(Data to process begins)

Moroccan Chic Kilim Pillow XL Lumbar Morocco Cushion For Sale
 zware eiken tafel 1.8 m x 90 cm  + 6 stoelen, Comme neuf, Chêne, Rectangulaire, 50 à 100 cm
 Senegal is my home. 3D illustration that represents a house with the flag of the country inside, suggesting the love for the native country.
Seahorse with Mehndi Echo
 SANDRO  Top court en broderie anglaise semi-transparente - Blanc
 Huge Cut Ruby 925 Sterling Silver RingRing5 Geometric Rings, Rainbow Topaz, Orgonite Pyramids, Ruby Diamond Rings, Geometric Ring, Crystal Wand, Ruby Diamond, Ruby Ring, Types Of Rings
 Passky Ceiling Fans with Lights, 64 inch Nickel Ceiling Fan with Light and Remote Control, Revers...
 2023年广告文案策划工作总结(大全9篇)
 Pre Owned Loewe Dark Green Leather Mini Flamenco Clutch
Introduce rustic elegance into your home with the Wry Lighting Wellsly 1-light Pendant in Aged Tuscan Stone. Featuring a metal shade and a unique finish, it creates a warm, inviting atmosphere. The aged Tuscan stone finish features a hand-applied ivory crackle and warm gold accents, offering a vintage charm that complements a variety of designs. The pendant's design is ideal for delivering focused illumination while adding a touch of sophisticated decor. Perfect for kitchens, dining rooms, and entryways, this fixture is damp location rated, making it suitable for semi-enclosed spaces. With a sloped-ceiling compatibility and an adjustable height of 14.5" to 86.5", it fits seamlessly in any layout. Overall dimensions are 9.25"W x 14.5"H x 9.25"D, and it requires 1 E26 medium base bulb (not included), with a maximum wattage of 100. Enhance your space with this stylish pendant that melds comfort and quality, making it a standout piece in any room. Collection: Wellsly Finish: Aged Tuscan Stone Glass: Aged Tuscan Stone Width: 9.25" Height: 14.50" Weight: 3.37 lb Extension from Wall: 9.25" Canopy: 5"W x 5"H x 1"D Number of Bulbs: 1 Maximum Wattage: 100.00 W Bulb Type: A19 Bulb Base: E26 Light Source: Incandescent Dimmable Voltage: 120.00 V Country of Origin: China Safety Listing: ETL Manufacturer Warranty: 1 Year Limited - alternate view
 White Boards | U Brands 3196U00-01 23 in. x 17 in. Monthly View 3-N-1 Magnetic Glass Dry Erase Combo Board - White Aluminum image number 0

(Data to process ends)

■ **Work to complete**
All of the data above should be reproduced verbatim.

■ **Your response**
Moroccan Chic Kilim Pillow XL Lumbar Morocco Cushion For Sale
 zware eiken tafel 1.8 m x 90 cm  + 6 stoelen, Comme neuf, Chêne, Rectangulaire, 50 à 100 cm
 Senegal is my home. 3D illustration that represents a house with the flag of the country inside, suggesting the love for the native country.
Seahorse with Mehndi Echo
 SANDRO  Top court en broderie anglaise semi-transparente - Blanc
 Huge Cut Ruby 925 Sterling Silver RingRing5 Geometric Rings, Rainbow Topaz, Orgonite Pyramids, Ruby Diamond Rings, Geometric Ring, Crystal Wand, Ruby Diamond, Ruby Ring, Types Of Rings
 Passky Ceiling Fans with Lights, 64 inch Nickel Ceiling Fan with Light and Remote Control, Revers...
 2023年广告文案策划工作总结(大全9篇)
 Pre Owned Loewe Dark Green Leather Mini Flamenco Clutch
Introduce rustic elegance into your home with the Wry Lighting Wellsly 1-light Pendant in Aged Tuscan Stone. Featuring a metal shade and a unique finish, it creates a warm, inviting atmosphere. The aged Tuscan stone finish features a hand-applied ivory crackle and warm gold accents, offering a vintage charm that complements a variety of designs. The pendant's design is ideal for delivering focused illumination while adding a touch of sophisticated decor. Perfect for kitchens, dining rooms, and entryways, this fixture is damp location rated, making it suitable for semi-enclosed spaces. With a sloped-ceiling compatibility and an adjustable height of 14.5" to 86.5", it fits seamlessly in any layout. Overall dimensions are 9.25"W x 14.5"H x 9.25"D, and it requires 1 E26 medium base bulb (not included), with a maximum wattage of 100. Enhance your space with this stylish pendant that melds comfort and quality, making it a standout piece in any room. Collection: Wellsly Finish: Aged Tuscan Stone Glass: Aged Tuscan Stone Width: 9.25" Height: 14.50" Weight: 3.37 lb Extension from Wall: 9.25" Canopy: 5"W x 5"H x 1"D Number of Bulbs: 1 Maximum Wattage: 100.00 W Bulb Type: A19 Bulb Base: E26 Light Source: Incandescent Dimmable Voltage: 120.00 V Country of Origin: China Safety Listing: ETL Manufacturer Warranty: 1 Year Limited - alternate view
 White Boards | U Brands 3196U00-01 23 in. x 17 in. Monthly View 3-N-1 Magnetic Glass Dry Erase Combo Board - White Aluminum image number 0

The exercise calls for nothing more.